A foot in both camps – Brian Maye on Catholic bishop and Protestant prelate Miler Magrath

A notorious intriguer

We might think of churchmen as being generally unworldly, but Miler (Meiler) Magrath, who doubled for a time as a Catholic bishop and Protestant prelate (of several sees), became famous, or infamous, for his rapacity. He was also a Franciscan friar who fathered nine children. This notorious intriguer died 400 years ago on December 22nd, having lived almost a century.

His year and place of birth are uncertain but probably 1522 and Co Fermanagh. His father held the Gaelic Irish church offices of “coarb” in Tyrone, Donegal and Fermanagh. He became a Franciscan friar and following study in Rome was sent to Ireland as a missionary, becoming bishop of Down and Connor in 1565. Within two years, he converted to Anglicanism by declaring to Lord Deputy Sidney at Drogheda that he’d hold his see for the reformed religion. In 1570, he was appointed Anglican bishop of Clogher and promoted to archbishop of Cashel in 1571, retaining, it seems, the temporalities (secular properties and possessions of the church) of Clogher as a new bishop wasn’t appointed there until 1605.

Amazingly, he remained Catholic bishop of Down and Connor until excommunicated for heresy by Pope Gregory XIII in 1580, despite marrying Anne O’Meara of Lisany, Co Tipperary, around 1576.

She remained a Catholic and their nine children were raised as Catholics, Magrath himself still being a Franciscan friar. In this paper (August 21st, 2014), Joe Carroll told the amusing story that once when she refused to eat meat on a Friday, on being asked why by her husband, she replied that she didn’t want to commit a sin with him, to which he retorted: “Surely you have committed a far greater sin in coming to bed with me, a friar?”

READ MORE

During the second Desmond rebellion in Munster, Magrath provided information on the rebels to the government. Judy Barry, who wrote the entry on Magrath in the Dictionary of Irish Biography, says that he might also have intrigued with the earl of Desmond and Richard Creagh, the Catholic archbishop of Armagh, “but only as a means of securing immunity”, depending on the outcome of the conflict.

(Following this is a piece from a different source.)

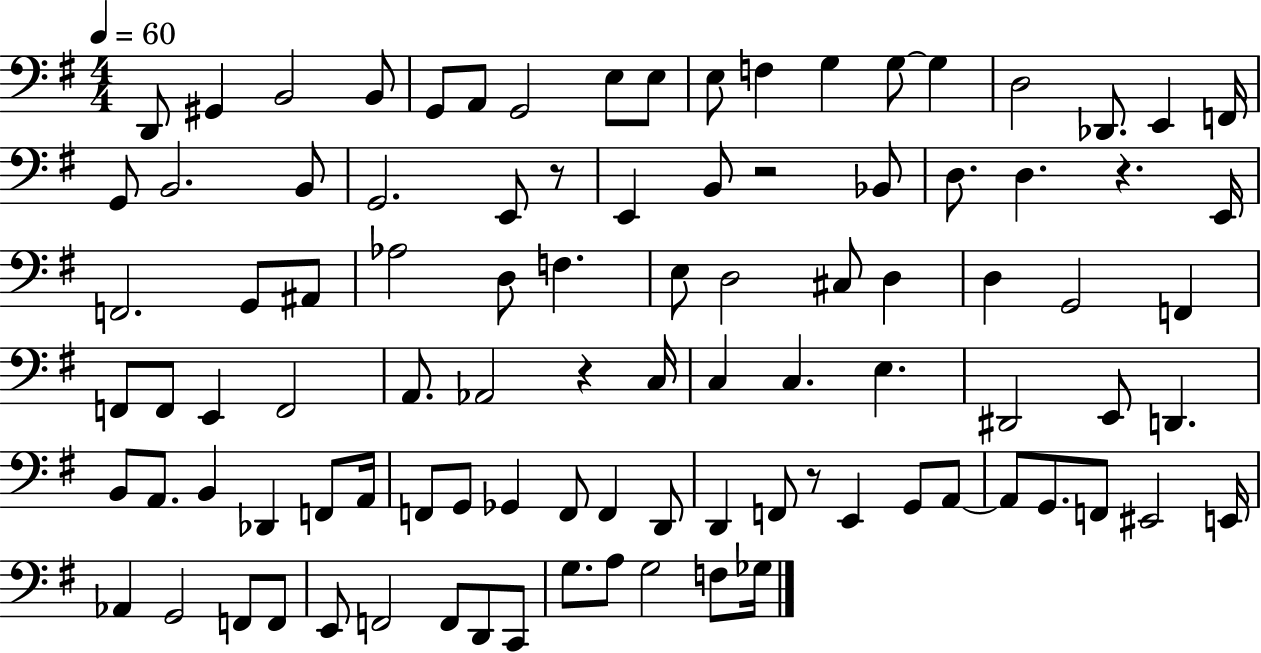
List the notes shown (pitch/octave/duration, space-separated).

Afterwards, the authorities granted him the united sees of Waterford and Lismore as a reward.

Two years later, while he was absent in London, leading citizens of Cashel presented a series of charges against him to the lord deputy, such as extortion, simony, keeping an armed bodyguard, helping Catholic bishops and occupying multiple livings in the archdiocese.

He succeeded in getting himself cleared of all the charges, which indicated the influence he had in high places, but his relations with Lord Deputy Fitzwilliam were tense.

During the Nine Years War, he managed to keep the favour of both sides, Hugh O’Neill describing him as a “friend and ally”.

Magrath offered to act as a mediator in the conflict, boasting to Robert Cecil, English secretary of state, that O’Neill and the Ulster chieftains trusted him completely. His offer was turned down but, according to Judy Barry, “he continued to ply the government with advice on how to end the war and with requests for favours, compensation for losses incurred during the war, jobs for his sons, and money to pay his spies”.

His pleas weren’t in vain as Queen Elizabeth granted him a pension in 1600.

During the reign of the new monarch, James I, he continued to survive if not thrive, as complaints mounted against him about the number of dioceses and livings he and his family held.

He had to defend himself at court and elsewhere against many charges but Lord Deputy Chichester eventually recommended “it were better not to discontent that heady Archbishop, and leave him at liberty, for he is a powerful man among the Irish of Ulster and able to do much hurt by underhand practices, in which he is well experienced”.

That King James agreed to this advice shows that even the most powerful were wary of Magrath’s capacity for intrigue.

In his latter years, he seems to have sought to become reconciled with the Catholic Church, with the papal archbishop of Cashel and the provincial of the Irish Franciscans petitioning Rome on his behalf. These petitions were granted but he never formally returned to Catholicism, although Pope Paul V legitimated his nine children in 1619.

Magrath was buried in Cashel cathedral, where he had erected his own monument. Part of his epitaph, which he is believed to have composed himself, read: “Here where I am placed, I am not. I am not where I am not. Nor am I in both places, but I am in each,” a reference perhaps to his being in both churches but neither a Catholic nor a Protestant.